Start of EXERCISE DATA
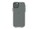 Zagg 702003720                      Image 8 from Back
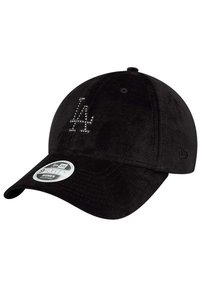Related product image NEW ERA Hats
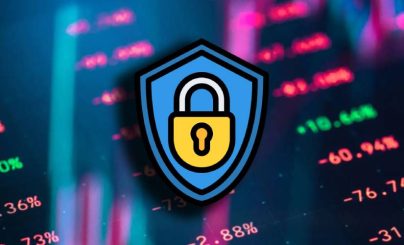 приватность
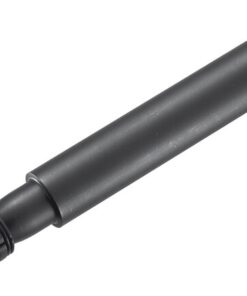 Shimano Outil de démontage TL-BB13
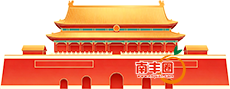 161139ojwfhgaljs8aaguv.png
End of EXERCISE DATA
#### EXERCISE
Please retype only the lines from the line that holds "приватность" through the end of the records, exactly as they stand, and drop every picture.

#### SOLUTION TO THIS PROBLEM
 приватность
 Shimano Outil de démontage TL-BB13
 161139ojwfhgaljs8aaguv.png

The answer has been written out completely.